The spectroscopic parameters confirm that an important charge transfer occurs in the electronic transition. It is well known that in a case of unsymmetrical dyes the lowest energy transition involves strongly delocalized HOMO and LUMO orbitals. For these dyes, the HOMO and LUMO orbitals are mainly localized on amine and benzothiazole fragment, respectively. The results obtained are in good agreement with those reported for similar hemicyanine dyes [25]. This highlights a charge transfer character in agreement with the push–pull character of this structure.

It should be noted that no direct relationships were found with the empirical solvatochromic scales evidencing a behavior more complex than that recently encountered in other push–pull systems [26].

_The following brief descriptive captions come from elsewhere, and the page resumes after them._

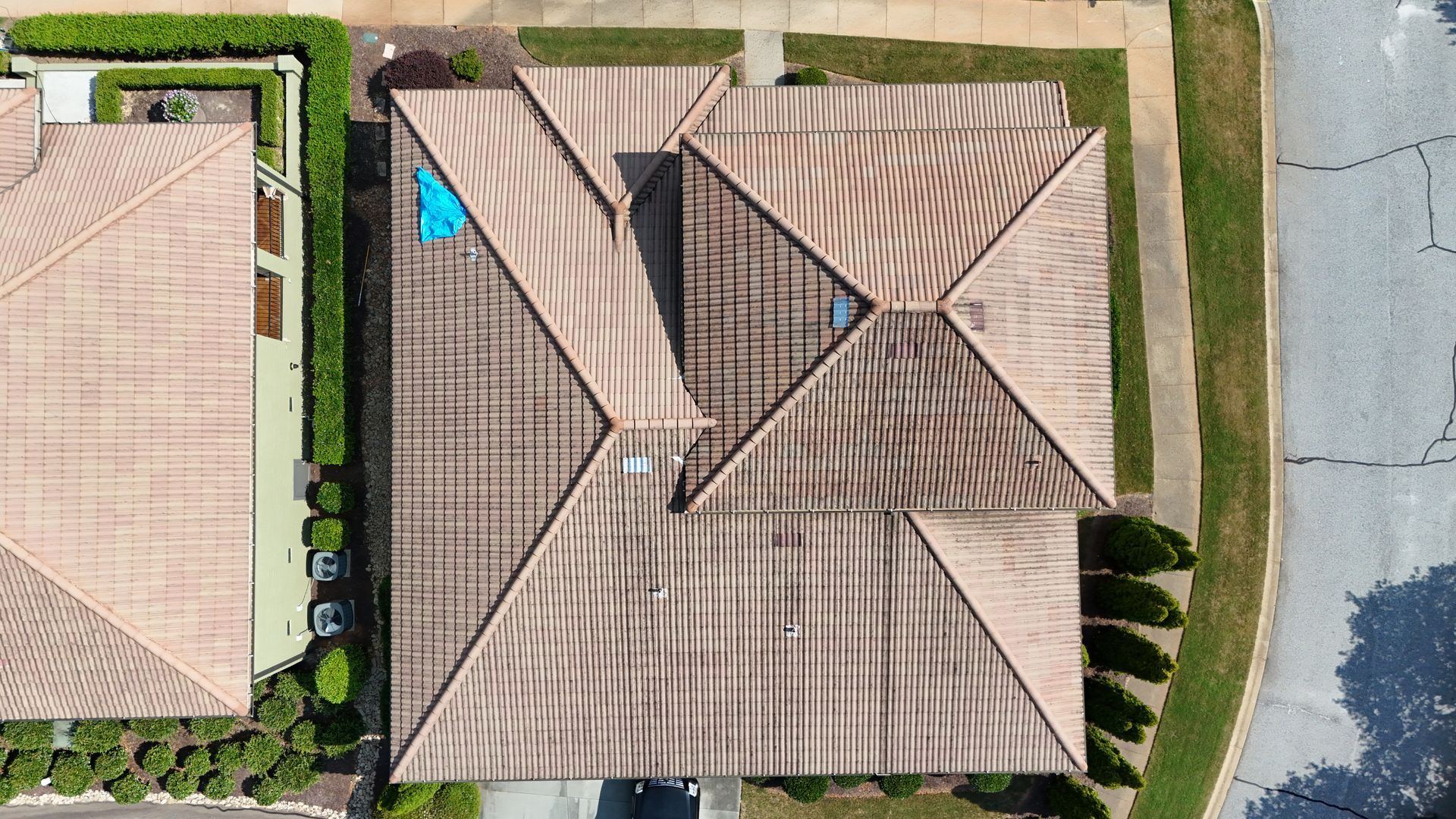 An aerial view of a house with a tiled roof.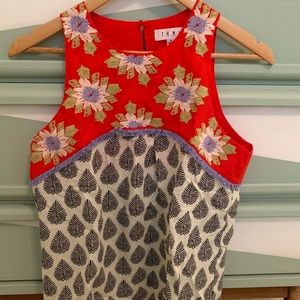 Floral and tropical sleeveless shirt size small.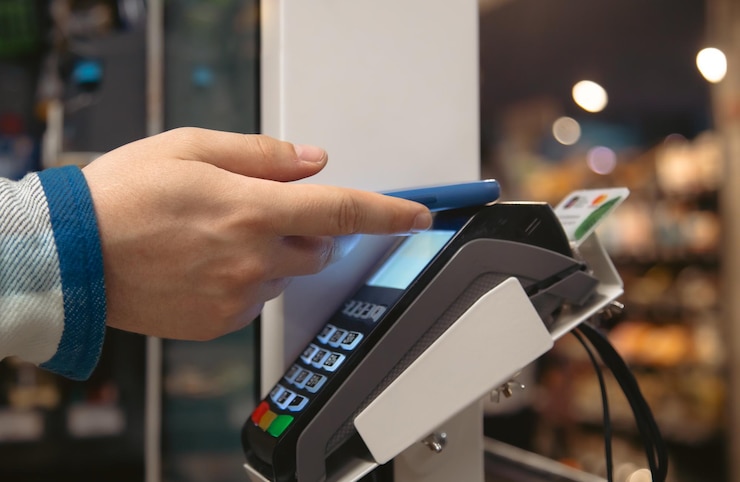 Free Photo close up of male hand holding smartphone in payment terminal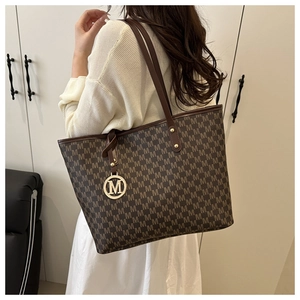 Detail of a brown tote bag featuring all-over M monogram and a gold letter pendant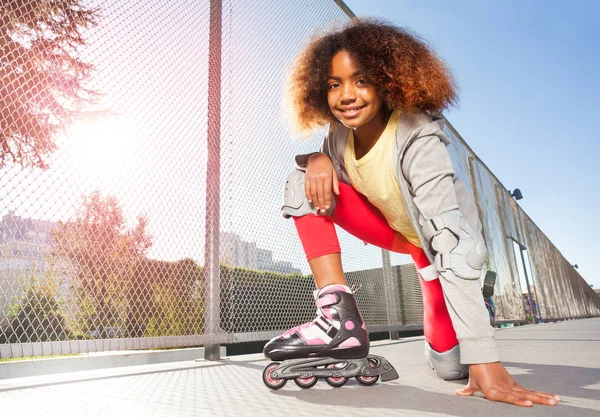 スケートパークで床でポーズ インライン スレートや保護具を着て幸せなアフリカ女の子 — ストック写真
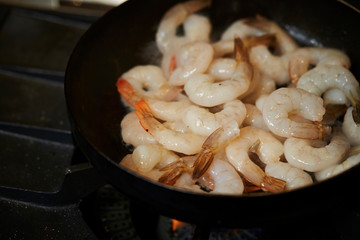 Grilling shrimps in frying pan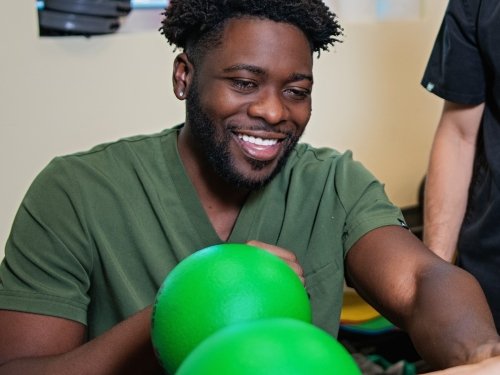 Occupational therapy student works in the clinic.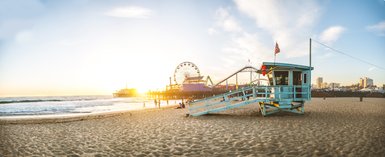 Ein Rettungsturm steht am Strand von Santa Monica, während die Sonne hinter dem Pier untergeht und die Wellen sanft an den Strand rollen.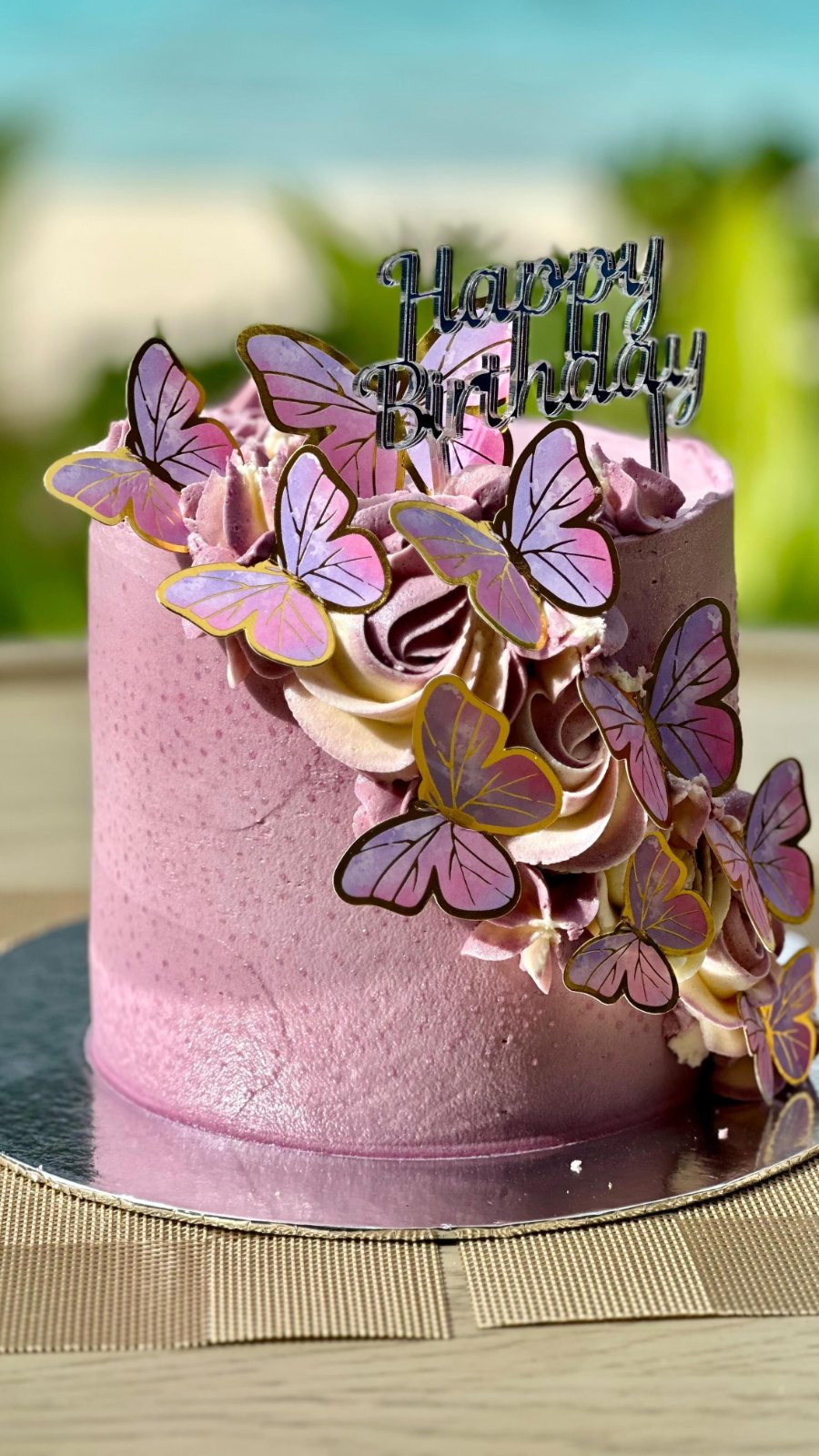 Meenu's lilac birthday cake, covered in purple and gold butterflies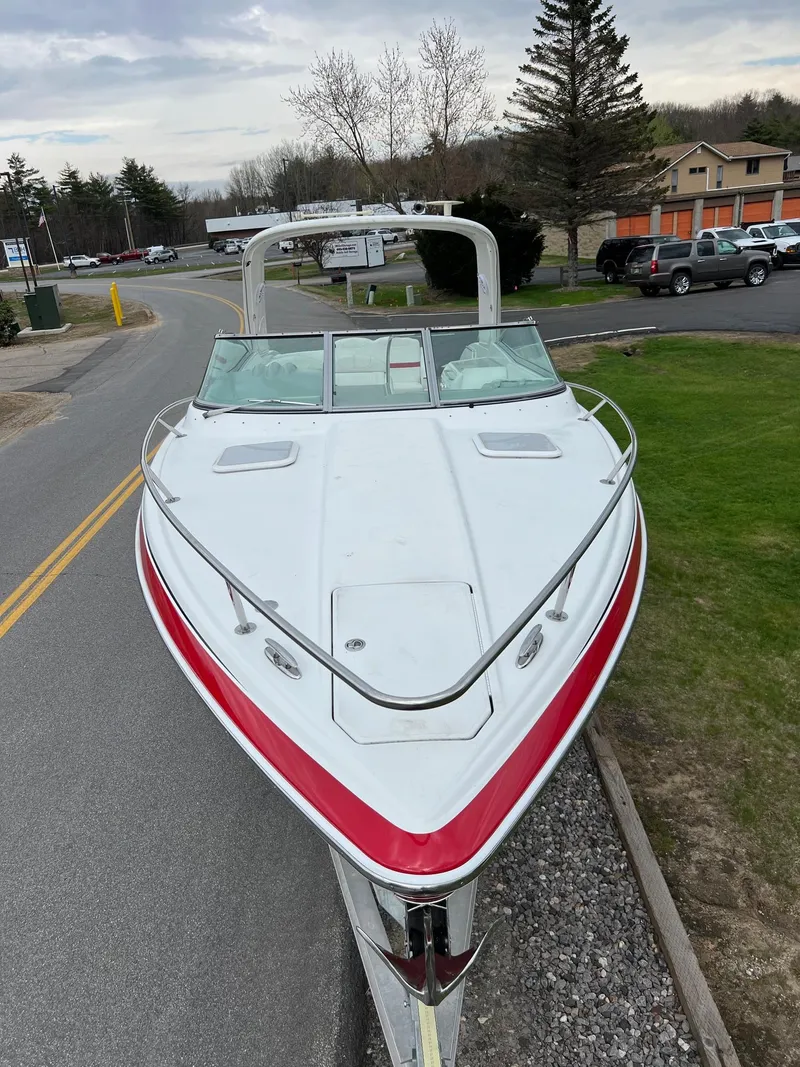 Slide: The Image of 2007 Formula 310SS boat with red and white exterior on a trailer. - 16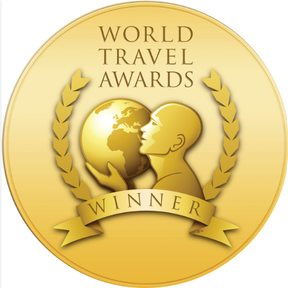Gold emblem for World Travel Awards Winner with a globe, a person's profile, and laurel wreaths.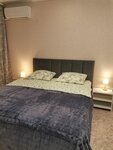 Четырехместный номер с балконом в Apartments Green City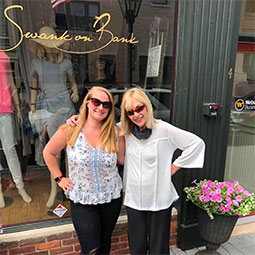 Jaclyn Newbert stands in front of her new store, Swank on the Bank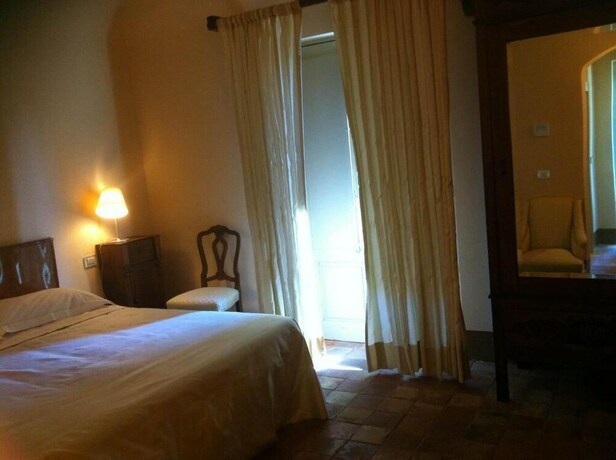 Imagen de la habitación del Hotel Casa La Carrubbazza. Foto 25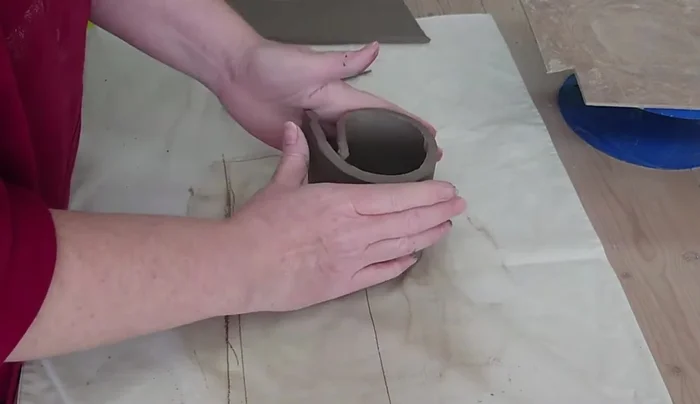 Trim a piece of clay for the mushroom base, creating a slightly wider circle than the height of the mushroom.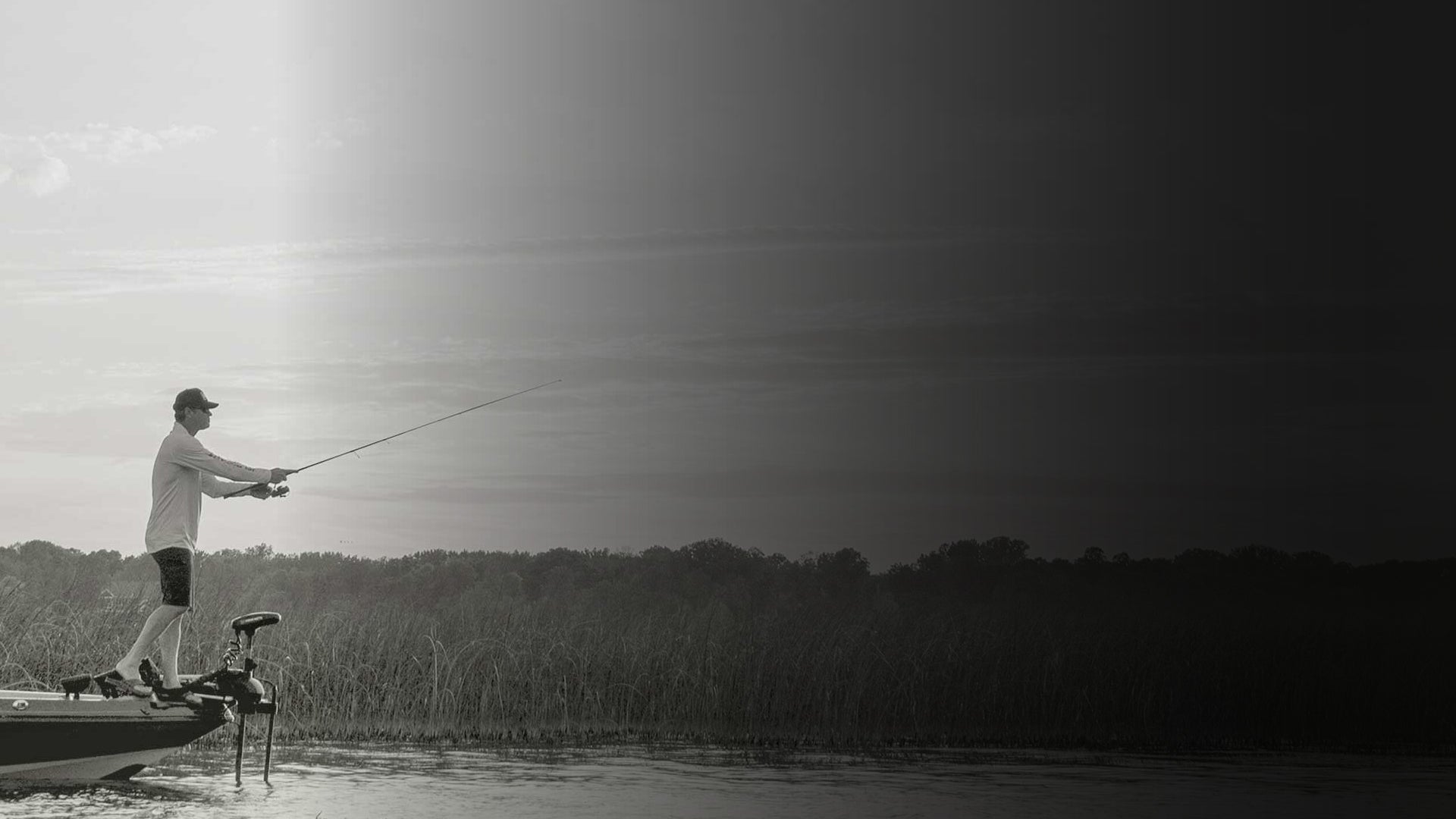 Person fishing from a boat on a lake with trees in the background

Free radical polymerization

Two-component photoinitiating systems

The photoinitiating systems composed of hemicyanine dyes (NS1, NS2, NS3, and NS4) as photosensitizer with various co-initiators (borate salts) (structures given in Scheme 1) were used for the initiation of free radical polymerization. The polymerization solution consisted of sensitizer as borate salts with concentration in the range from 1.0 × 10−4 M to 7.5 × 10−3 M. The polymerization process was initiated by irradiation at 514 nm. As it was shown above, at this wavelength only sensitizer absorbs the light.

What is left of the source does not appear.